Now it’s bringing that effort into individual offices with a new “Green Workplace Program” to promote sustainability on the job.
Developed by the University’s Committee on Sustainability, it is modeled after the United States Green Building Council’s Leadership in Energy and Environmental Design rating system, and uses a credit checklist of 60 actions that workplaces can implement to improve operations and reduce costs. The checklist is organized into eight categories: energy, transportation, purchasing, zero waste, community, health, food and bonus credits. Participating offices self-report their actions, and upon certification, earn a Green Workplace Program award based on the total points earned.
“U.Va. recognizes that everyone must be involved if we are to meet our sustainability goals,” said Rob Andrejewski, outreach and engagement coordinator in the Office for Sustainability. “Not everyone thinks about the environmental footprint of our daily habits. This program will help people to not only become aware of their impact, but also how to change their behavior to those that support the triple bottom line of social, environmental and fiscal sustainability.”

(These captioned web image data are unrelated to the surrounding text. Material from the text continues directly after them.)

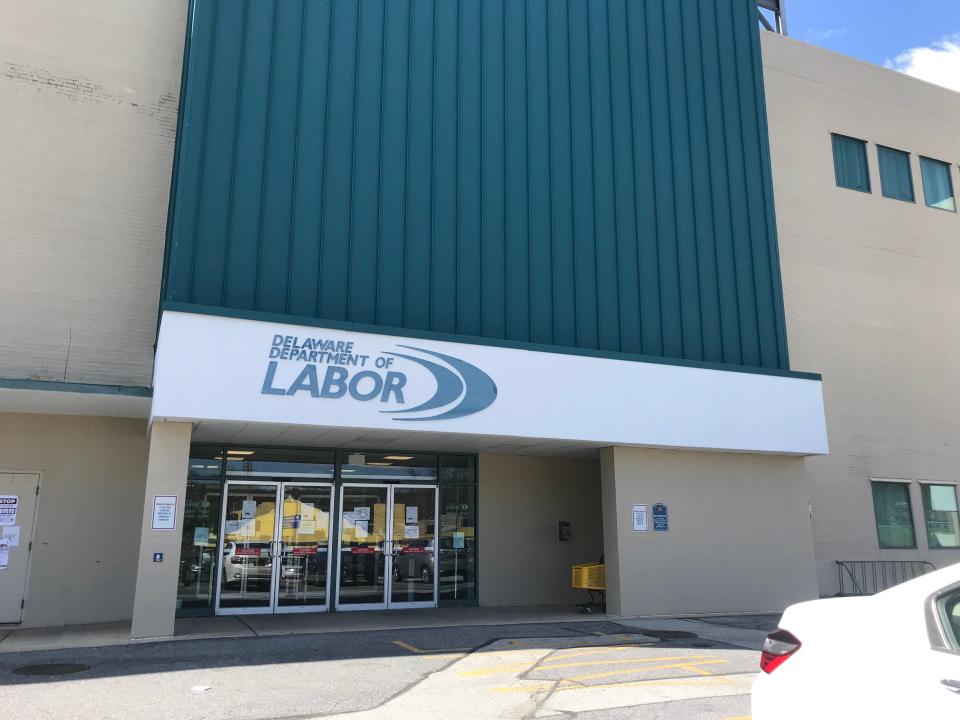 Several informational flyers were posted on the glass doors of the Delaware Department of Labor's Wilmington office building on Thursday, April 2.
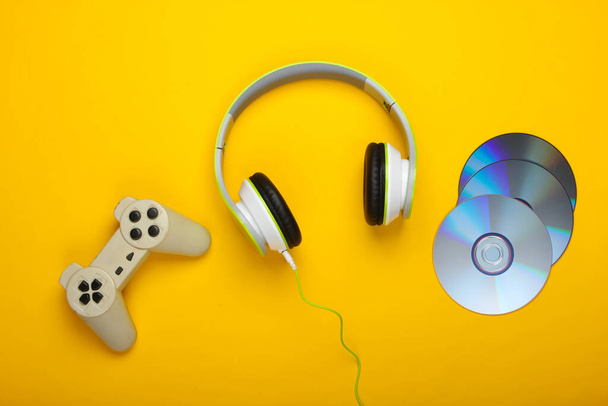 Stereo headphones with gamepad, cd discs on yellow background. Gaming, leisure and entertainment concept. Top view. - Photo, Image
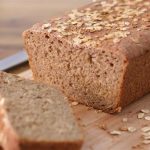 A freshly baked loaf of whole grain bread topped with oats is placed on a wooden cutting board. Two slices are cut from the loaf and rest in front of it. A bread knife lies nearby, and there are scattered oat flakes on the cutting board.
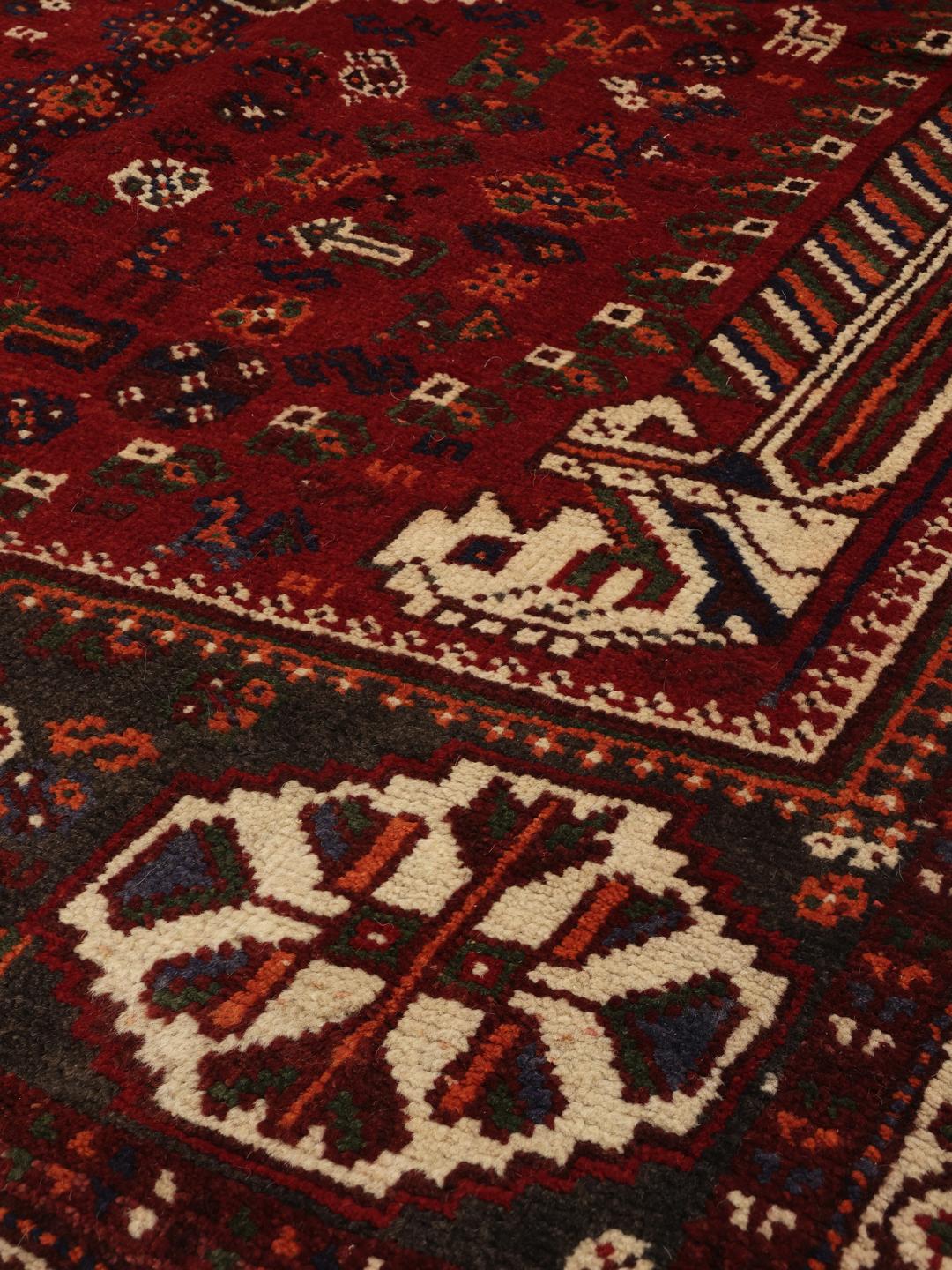 Hand-knotted Shiraz rug from the Middle East in deep red and blue tones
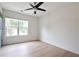 Bright, empty bedroom showcasing natural light, neutral paint, and hardwood flooring at 455 Saddle Bow Dr, Lawrenceville, GA 30046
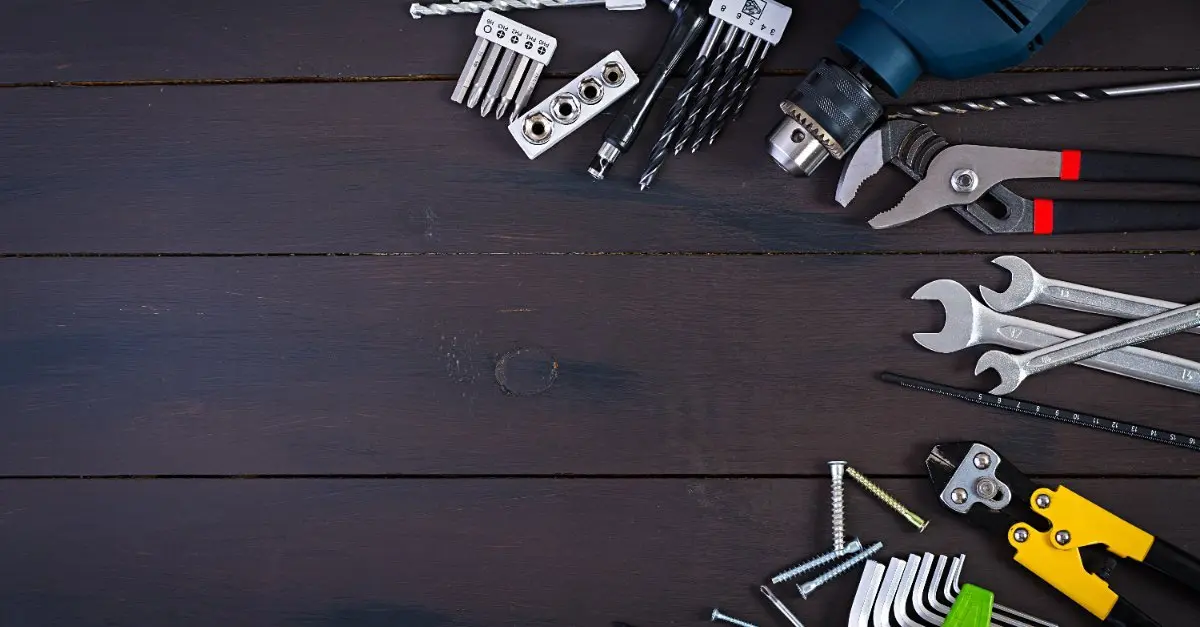 A dark, wooden background with a collection of tools that could be used for NoVA commercial handyman service, including a power drill, pliers, and wrenches of various sizes.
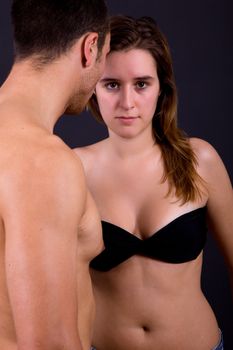 young couple together portrait on black background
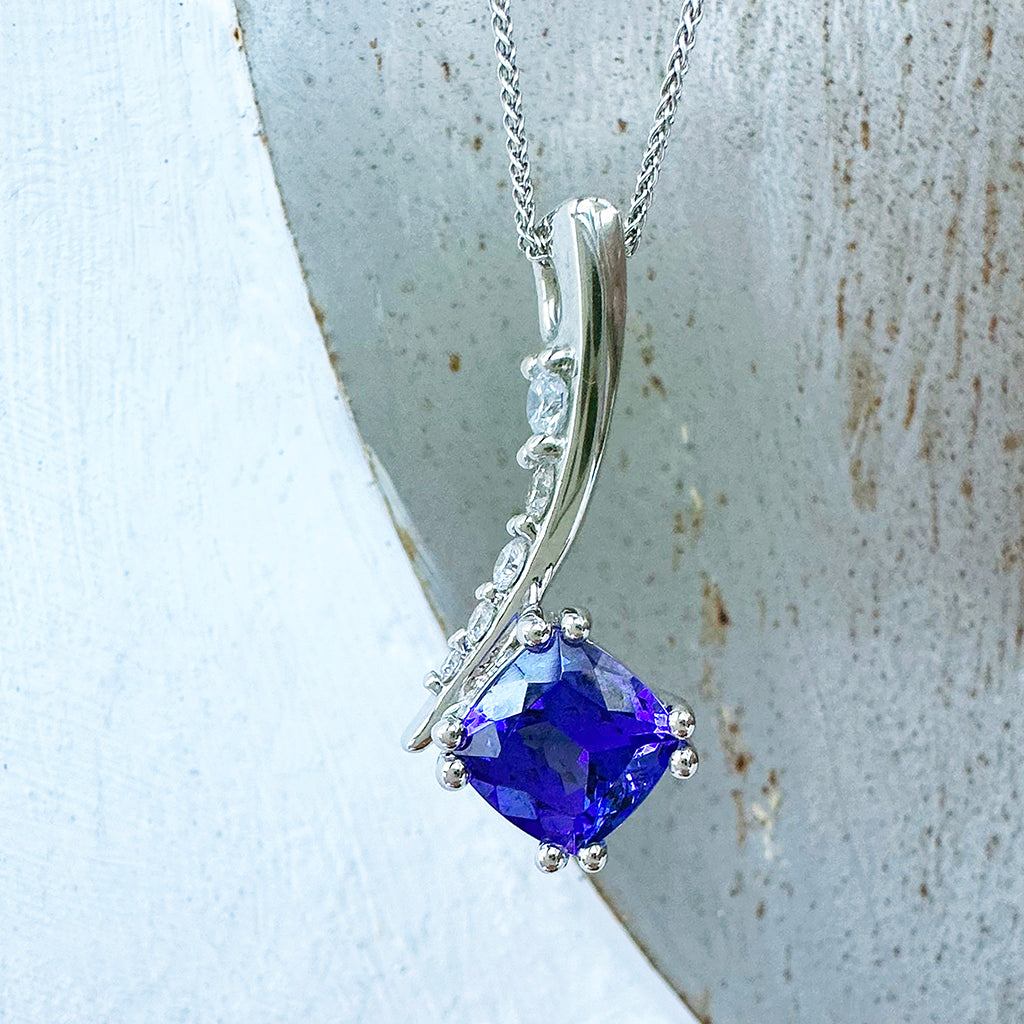 Ultra Glam Cushion Cut Tanzanite and Elaborate Side Sweep White Diamond Bale Pendant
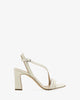 Crossover heeled sandals in cream leather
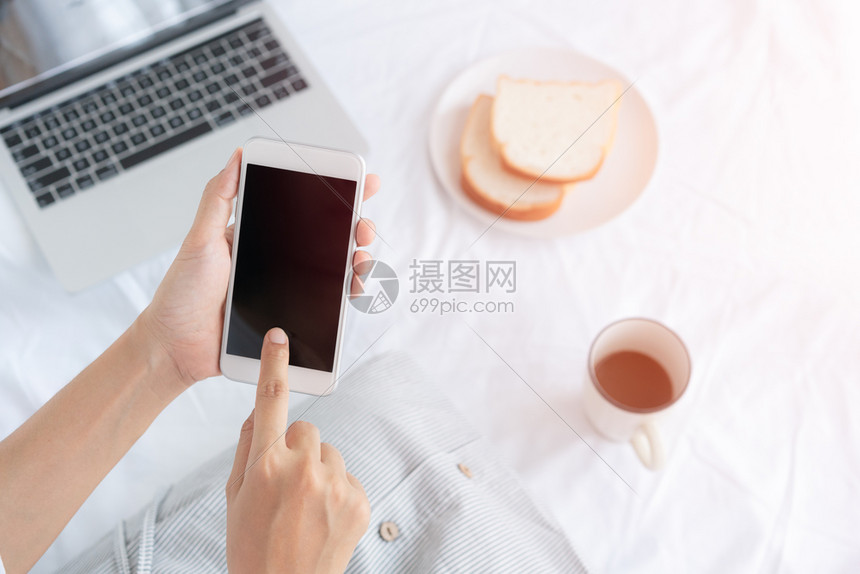 亚洲人黑色的手握和触摸黑智能手机屏幕的工作妇女手亚裔在吃面包咖啡和笔记本电脑时坐在白布上的亚洲妇女忙碌图片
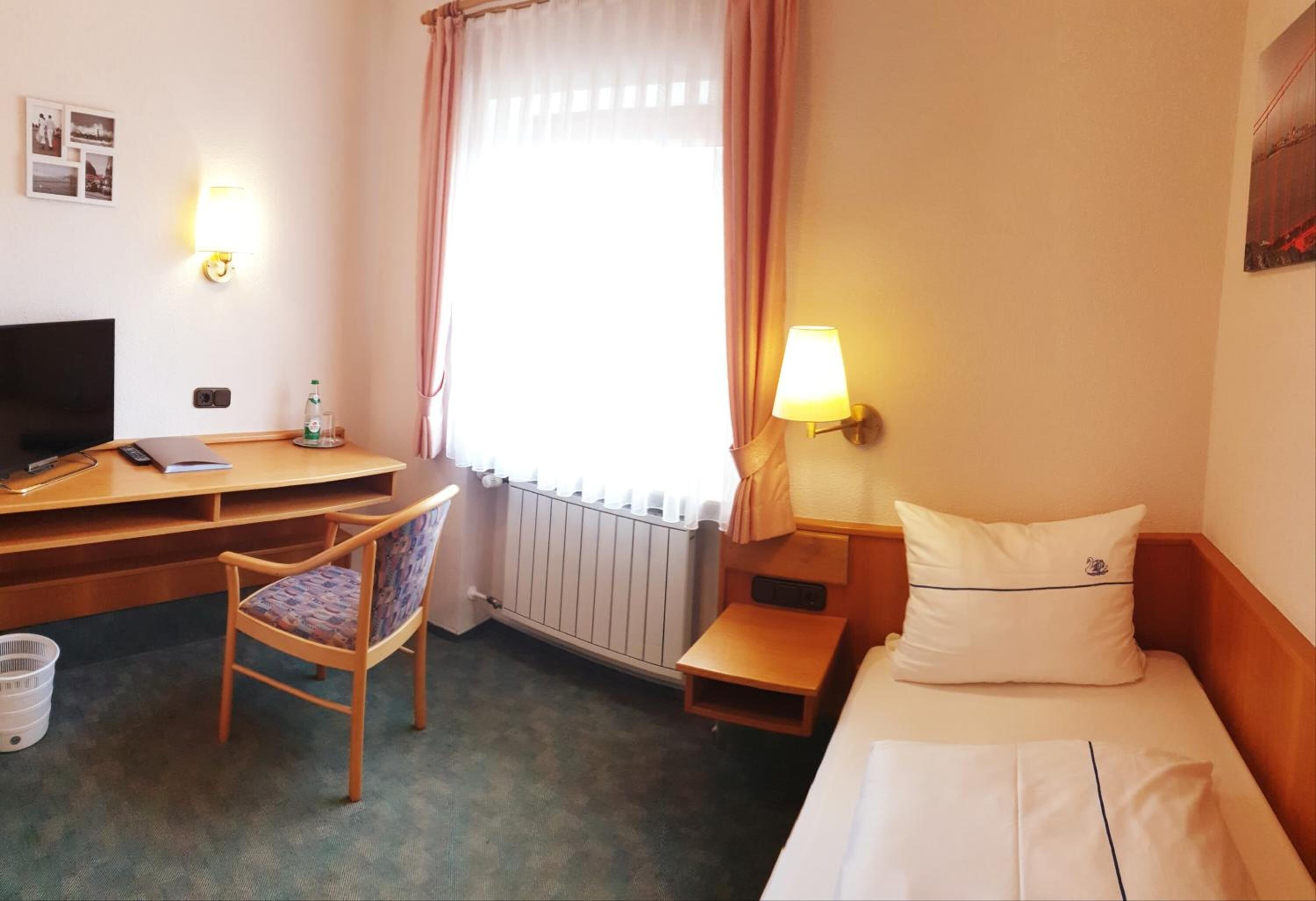 Habitación de hotel con cama, escritorio con computadora, silla, radiador, ventana con cortinas y lámpara de pared.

The Green Workplace Program focuses on conservation measures in areas such as electricity and waste reduction that reduce costs, and participants learn about sustainable practices on Grounds that they can take home.
Some examples: Employees can save money and energy by turning off lights when not in use, printing on both sides of a sheet of paper and turning off computers when not in use.
“You can save yourself money by bicycling to work and getting an occasional parking permit,” said Nina Morris, the sustainability program manager for outreach and engagement. “And instead of traveling for meetings and being there in person, you can have virtual meetings and save energy and reduce your carbon footprint.”
Workplaces in the Darden School of Business, the College of Arts & Sciences and Facilities Management are early adopters in the official launch this semester. The program was piloted in 2014 by workplaces in Human Resources and the Office of the Architect.
“The University of Virginia has been working on greening Grounds and tackling what might be called ‘big-S sustainability’ issues like carbon emissions, nitrogen loss and waste diversion for many years,” Andrejewski said. “These are big, high-profile initiatives that are important.
“The Green Workplace Program represents a shift to ‘small-s sustainability.’ It allows U.Va. employees to steward the environment through smaller, but no less important, concrete actions that can add up to significant change. Our people are our most important asset. You cannot overestimate the importance of including them in our sustainability solutions.”